[Short descriptive text snippets]
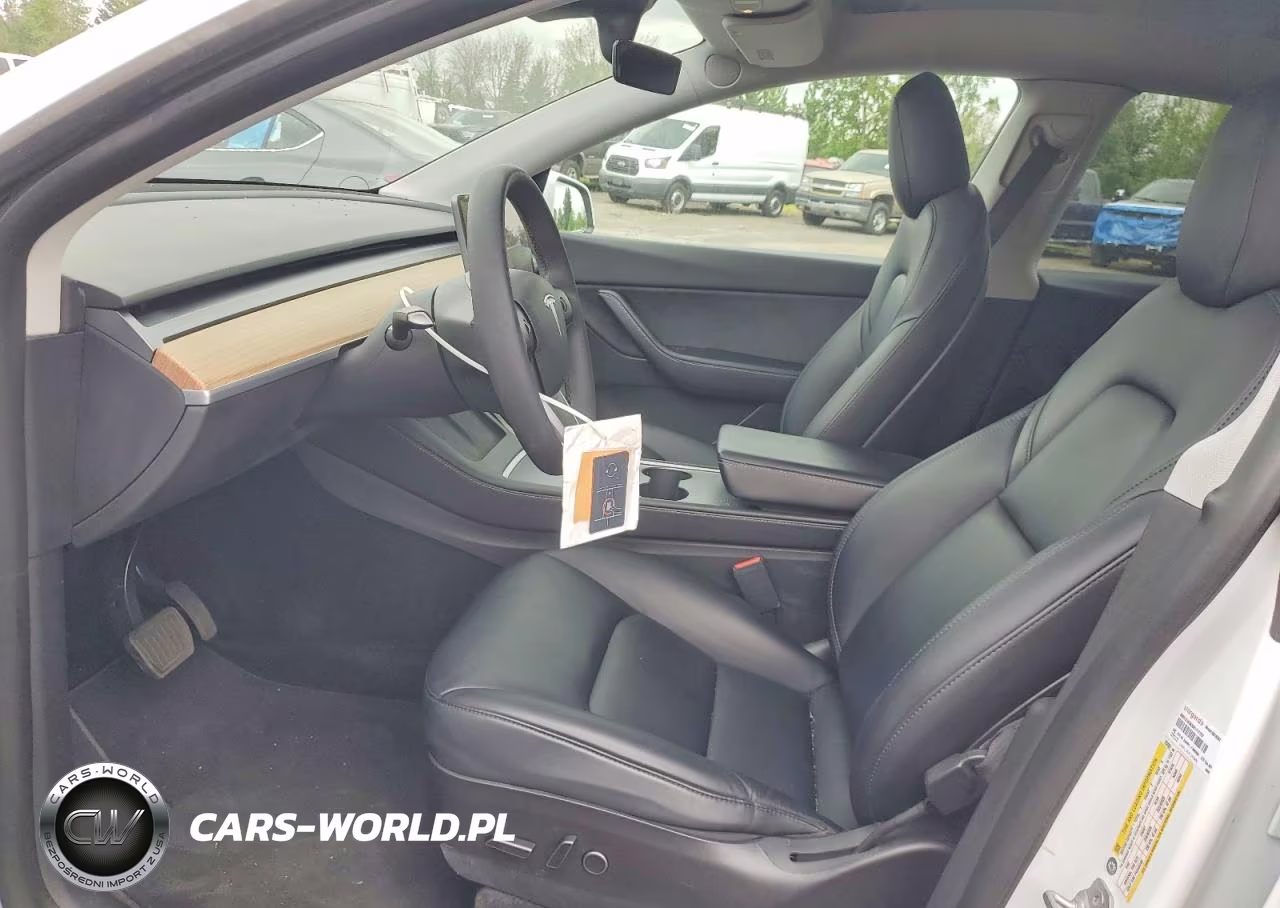 2021 Tesla Model Y VIN:5YJYGAEE0MF232081 - 7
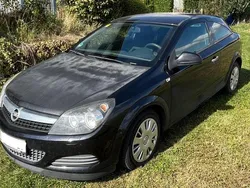 Schwarz Gebraucht 2009 Opel Astra GTC Limousine | 1.800 € (Superpreis)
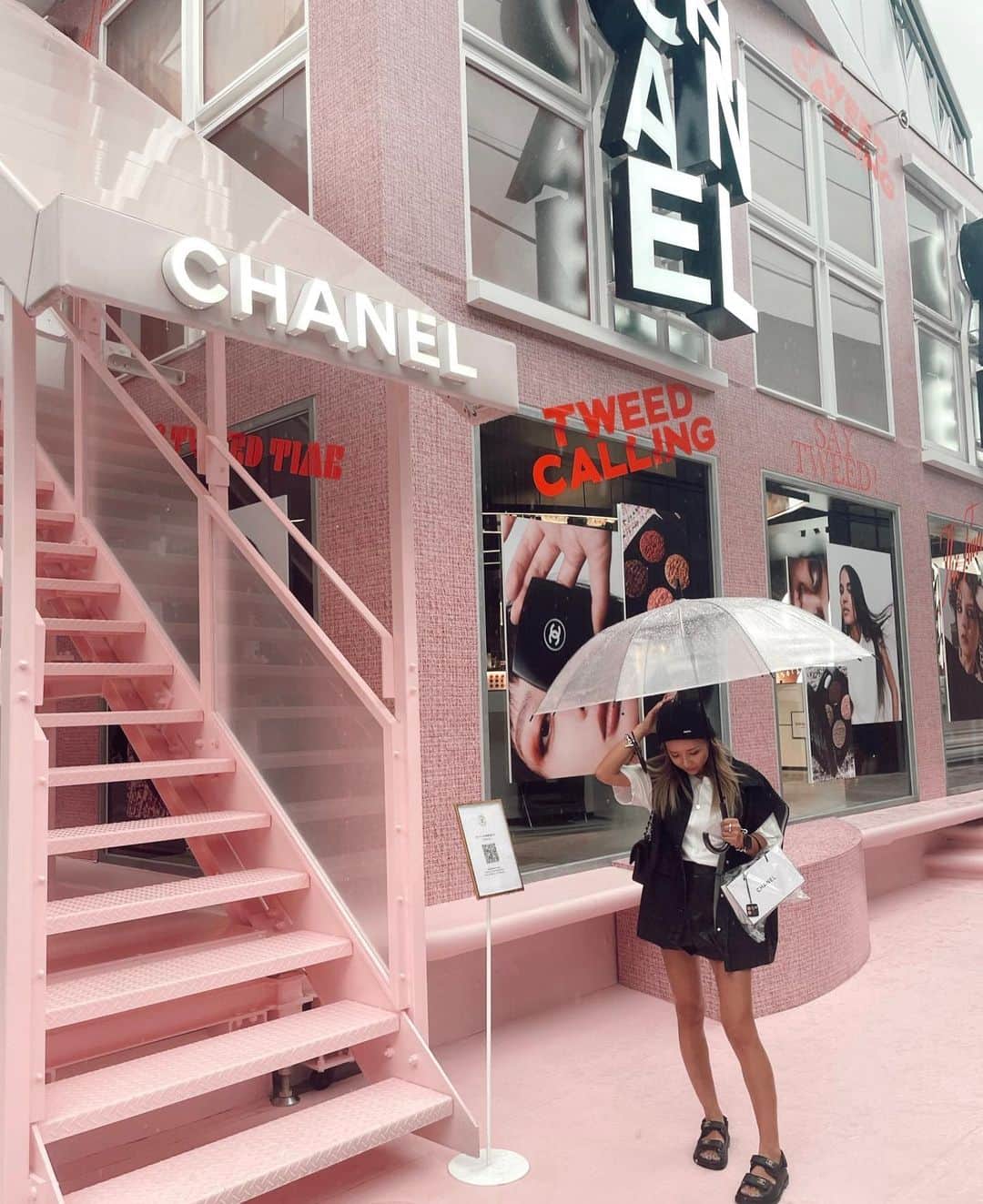 ✷kana✷さんのインスタグラム写真 - (✷kana✷Instagram)「雨にも負けず、、？ @chanel.beauty   ほんとは靴下履いてたんだけどな🙄☔️🧦  #chanelbeauty#chanelbeautyhouse#omotesando#シャネルビューティーハウス#モノトーンコーデ#表参道#150cmコーデ」9月7日 19時34分 - xxkana513xx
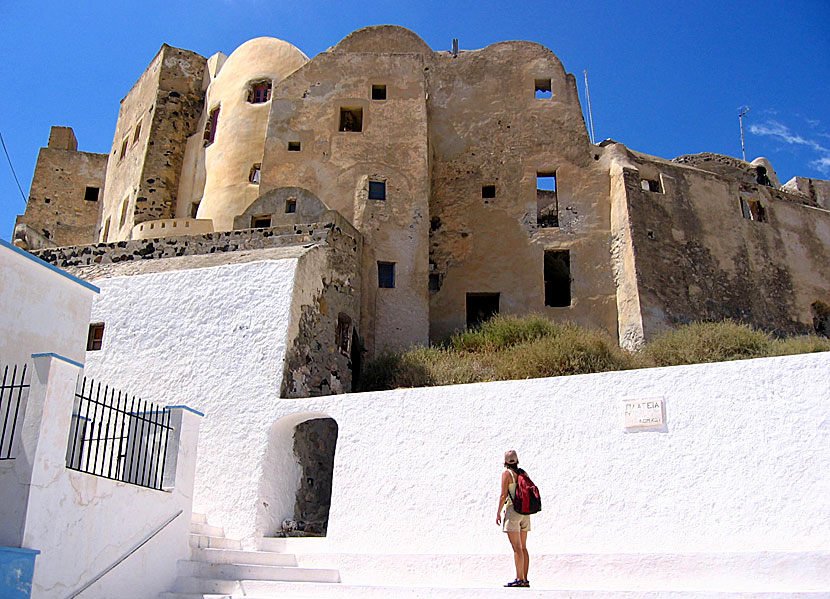 Nära den genuina byn Emborio på Santorini ligger den originella byn som  Castelli.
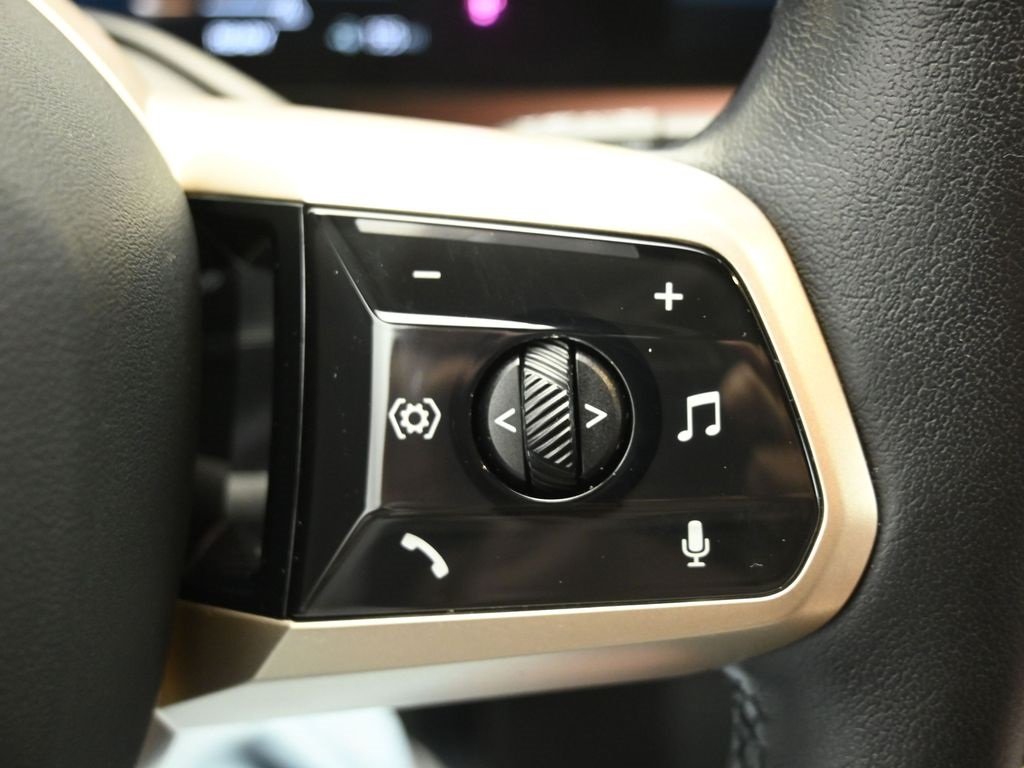 2023 BMW IX - Image 13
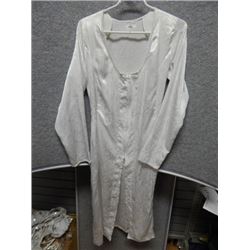 HOUSE COAT WOMANS - (NO BRAND TAG) - WHITE HOUSE COAT - (NO SIZE TAG)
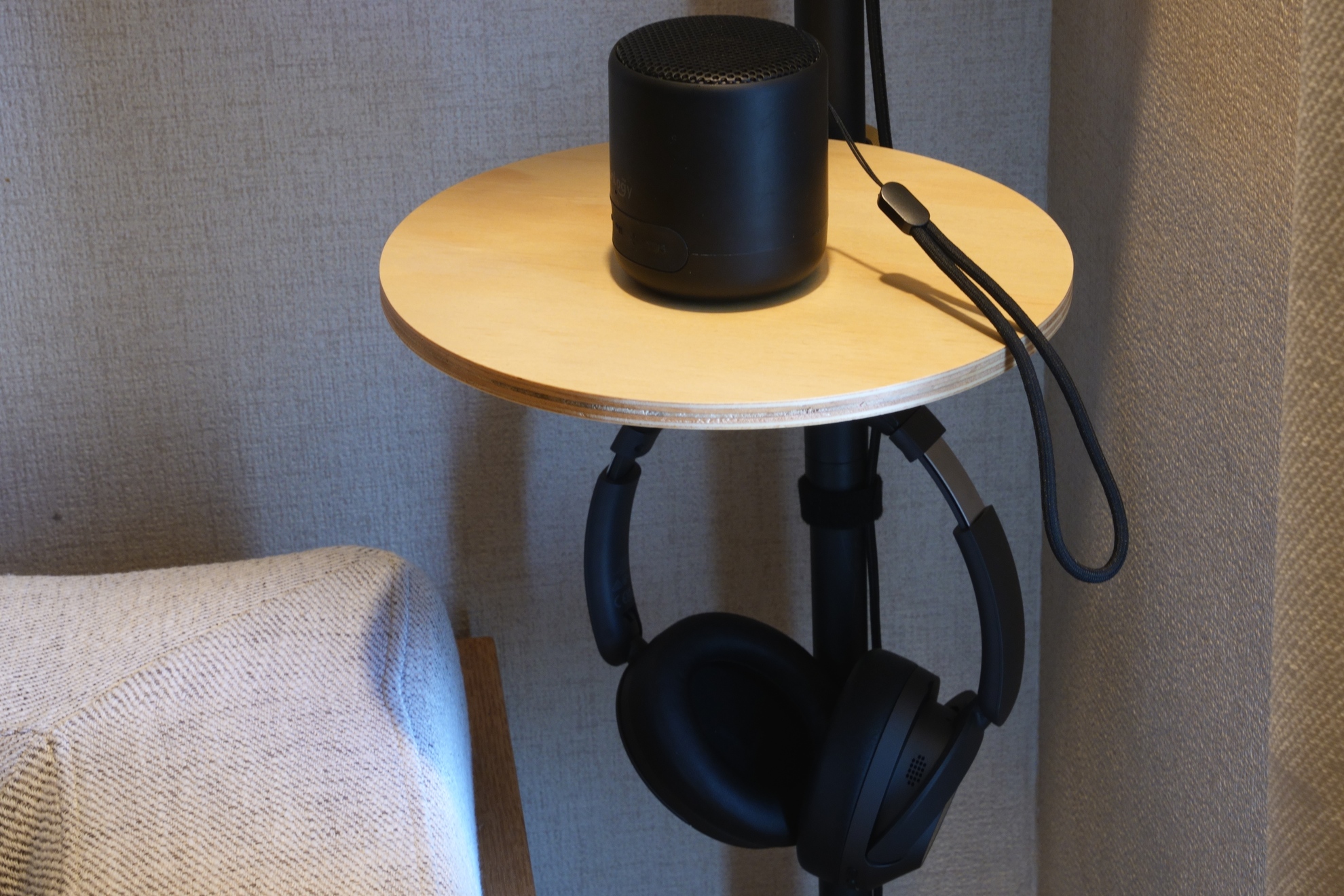 Tableにはポータブルスピーカー、Hookにはワイヤレスヘッドフォン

_Work to be completed_. Would you write out all of the records exactly, omitting the pictures?

_Solved exercise_.
 2021 Tesla Model Y VIN:5YJYGAEE0MF232081 - 7
 Schwarz Gebraucht 2009 Opel Astra GTC Limousine | 1.800 € (Superpreis)
 ✷kana✷さんのインスタグラム写真 - (✷kana✷Instagram)「雨にも負けず、、？ @chanel.beauty   ほんとは靴下履いてたんだけどな🙄☔️🧦  #chanelbeauty#chanelbeautyhouse#omotesando#シャネルビューティーハウス#モノトーンコーデ#表参道#150cmコーデ」9月7日 19時34分 - xxkana513xx
 Nära den genuina byn Emborio på Santorini ligger den originella byn som  Castelli.
 2023 BMW IX - Image 13
 HOUSE COAT WOMANS - (NO BRAND TAG) - WHITE HOUSE COAT - (NO SIZE TAG)
 Tableにはポータブルスピーカー、Hookにはワイヤレスヘッドフォン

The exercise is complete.